Hacker News new | ask | show | jobs
by iUsedToCode 3020 days ago
"However, it’s only 829kb, and that includes every single non-image asset (fonts, css, all libraries and dependencies, and js)."

Only 829KB? ONLY?

This[1] is a (dynamic) on-line course for all beginner sport shooters in Poland, each page takes about 15KB. And i still sometimes want to rewrite the CSS, as it's now 3 requests. It shouldn't make a difference on HTTP/2, but that's a lame excuse.

It's not very fast (100-200ms) and maybe i should get a faster server -- there's room for improvement. But in my view, if it's static, it's supposed to be as fast as a native app on your smartphone. 1MB of bullshit js that nobody wants is not "ONLY".

Btw, maybe mine is lame and ugly.
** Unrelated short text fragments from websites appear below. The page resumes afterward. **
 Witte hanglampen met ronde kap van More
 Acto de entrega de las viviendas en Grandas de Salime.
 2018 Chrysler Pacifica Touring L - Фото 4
But i couldn't sleep if i made people load 1MB of fonts, javascript and CSS. It's just a shameful waste.

[1] https://patentstrzelecki.eu/ (polish)

5 comments

Agreed. I tried taking this to the extreme with my personal site. It's down to ~30ms on free Netlify for first and subsequent loads, always <10kb including content, with one HTTPS request per page load. No external dependencies, reasonably readable, 100% passing in Lighthouse. The highest leverage things are usually to delete anything font related, reduce or remove media and GZIP/minify. More obscure approaches include base64ing a fake favicon to get rid of the extra call, eliminate media, eliminate all requests but the core HTML static resource, inline everything, move to a faster host with lots of CDN edges, test aggressively with slow connections and eliminate until <100ms. Mostly because it's fun, also useful though if you serve a user base in developing world.
I also moved to netlify (from a gh-pages/cloudflare setup). And while I'm a huge fan, and loved the process, I am interested that google crawler seems to have found it a lot slower.
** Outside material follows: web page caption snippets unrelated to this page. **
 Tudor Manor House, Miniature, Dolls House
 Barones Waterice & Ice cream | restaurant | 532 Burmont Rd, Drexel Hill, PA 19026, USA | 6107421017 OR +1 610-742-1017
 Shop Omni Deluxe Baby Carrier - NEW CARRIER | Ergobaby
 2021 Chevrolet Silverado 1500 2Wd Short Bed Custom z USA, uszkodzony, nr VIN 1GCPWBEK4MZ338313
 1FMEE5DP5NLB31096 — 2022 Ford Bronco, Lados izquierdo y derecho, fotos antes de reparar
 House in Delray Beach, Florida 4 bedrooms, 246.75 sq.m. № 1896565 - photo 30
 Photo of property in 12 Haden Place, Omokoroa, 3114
https://i.imgur.com/RUssvAA.png

I've SSL enabled (as well as HSTS) And yes, the initial redirect seems to take a while. But equally the very first page request from a site is actually quite slow I feel. Considering it's a static page of less than 4kB, I'd expect it to be a bit snappier...

I've other reasons for trying netlify, and I'm not too bothered about the slowdown (my site has bugger all traffic tbh), but I would like to get to the bottom of it.
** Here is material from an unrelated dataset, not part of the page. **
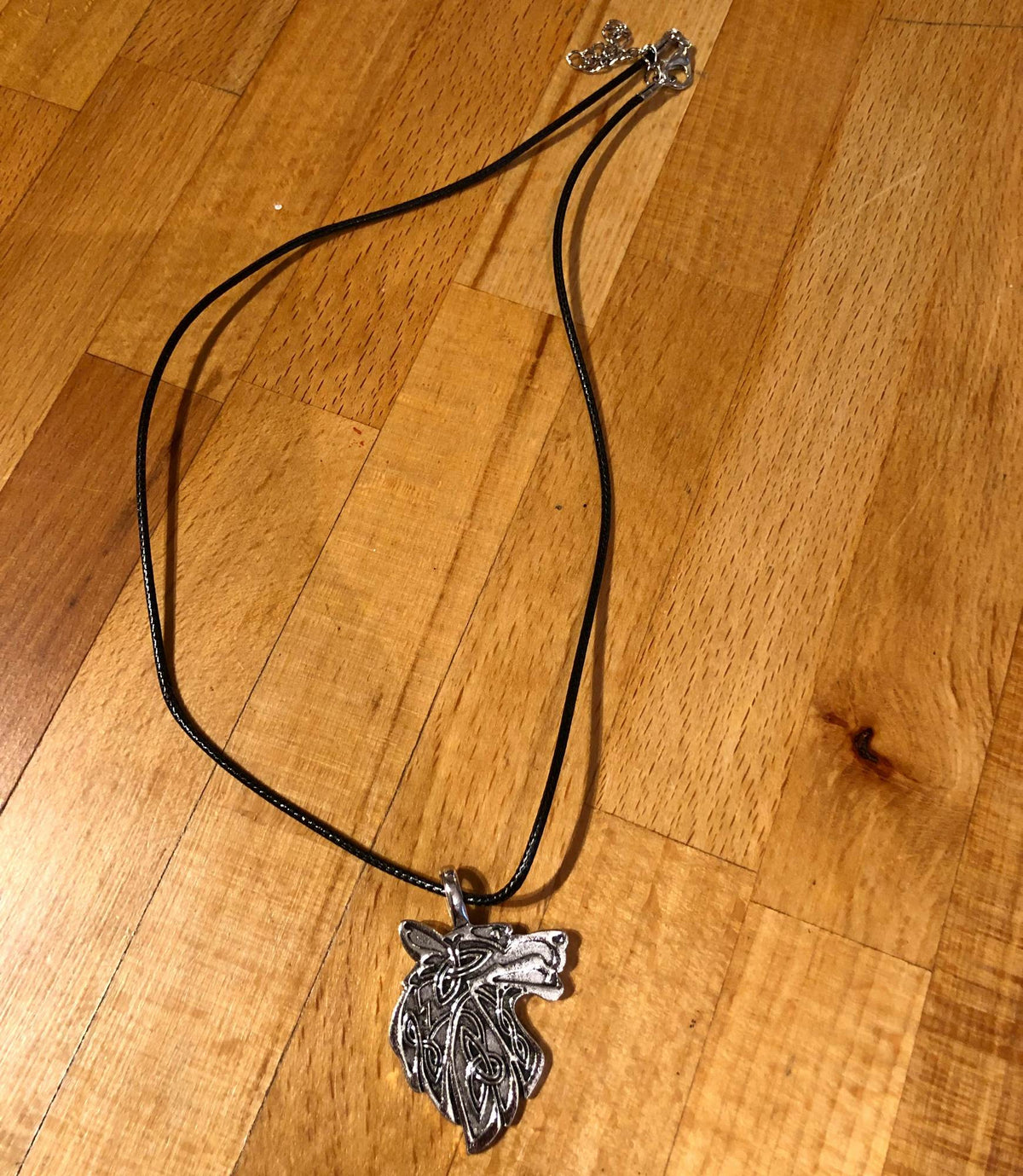 Fenrir Snarl Necklace Necklace - Tophatter Daily Deals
Could you link your personal site if it's not too personal?
I had a similar reaction. I was hoping the article would touch on less obvious things, and I even read it as 829 bytes the first time (then was confused for a second). Hard to take it seriously after that.
You're right of course. One can even create a simple single-page application without using frameworks and external libraries and fit it in 5% of the mentioned size. I built verbatim [1] in 24KB, JS, CSS, all image assets included. It is a an SPA and works pretty fast, scoring 100/100 on both desktop and mobile Google PageSpeed tests.

The issue is when trivial applications grow in complexity. Any custom approach is seldom scalable. Especially when more people are brought on to work on a project and have to get up to speed. There is a strong argument to using popular frameworks (react, angular), which comes at a cost of massive app bundles. It is not, however, reasonable to use for static sites in any case.

[1] http://verbatim.link/

Original author here - thanks for your feedback, just updated the article. I kind of settled at ~1mb because I thought it was good enough. I got it down to ~90kb (which still isn't great, but is fine for these purposes) by just stripping out font awesome.

Thanks!

Jon, I run a few sites in a similar space. I feel 1MB is fine for my customer base. If HN isn't your customer, don't worry about them. If HN is your customer, you have the hardest job in the world because none of us will ever pay you anything you can build a business off of.

Go forth and prosper amongst the people who will pay you for the value you provide. Ignore us.

That's exactly what I thought before. I was starting to think that it was shared as a kind of joke or sarcasm towards web development in general.